The tax expenditures are broken down into four groups: exclusions from taxable income, itemized deductions, preferential tax rates and tax credits.
The estimated $900 billion in tax savings equals 5.7% of gross domestic product for the fiscal year 2013, the non-partisan CBO reports. These savings will account for roughly two-thirds of the total budgetary effects of all tax expenditures for the year as well.
The CBO estimates 13% of these tax breaks will go to households in the middle earner category and 8% will benefit the lowest earners in the nation.
Jason Riley, editorial board member for The Wall Street Journal, says the CBO report reflects the “steeply progressive tax system” in America.
“When you have the top 20% of earners sending Washington 70% of their income taxes, and the top 1% paying 37% [of income in taxes] when you have almost 50% of Americans paying no income taxes this is the inevitable result. When taxes are cut, higher earners will benefit,” Riley told FOX Business.

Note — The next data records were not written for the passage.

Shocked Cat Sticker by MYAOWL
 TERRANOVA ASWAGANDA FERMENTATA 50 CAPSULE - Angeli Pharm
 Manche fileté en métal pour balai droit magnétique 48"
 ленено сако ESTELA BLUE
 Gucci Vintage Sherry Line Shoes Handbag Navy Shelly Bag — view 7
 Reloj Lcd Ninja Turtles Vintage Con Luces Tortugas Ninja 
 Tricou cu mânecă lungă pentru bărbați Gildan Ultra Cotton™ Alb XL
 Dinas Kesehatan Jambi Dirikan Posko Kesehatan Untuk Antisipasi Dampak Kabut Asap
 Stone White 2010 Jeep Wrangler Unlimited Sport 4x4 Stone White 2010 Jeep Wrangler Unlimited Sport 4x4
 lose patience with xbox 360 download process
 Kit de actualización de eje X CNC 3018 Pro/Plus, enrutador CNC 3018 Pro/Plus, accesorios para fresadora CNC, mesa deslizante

Lawmakers have been working to reform the nation’s tax code to help reduce the federal budget, but Riley is unsure on just how productive Congress and the White House can be in formalizing changes.
“Traditionally, tax reform has meant lower rates in return for closing loopholes. This president has already raised taxes tremendously but has kept in place carve-outs for industries that he favors. He wants it both ways,” he says.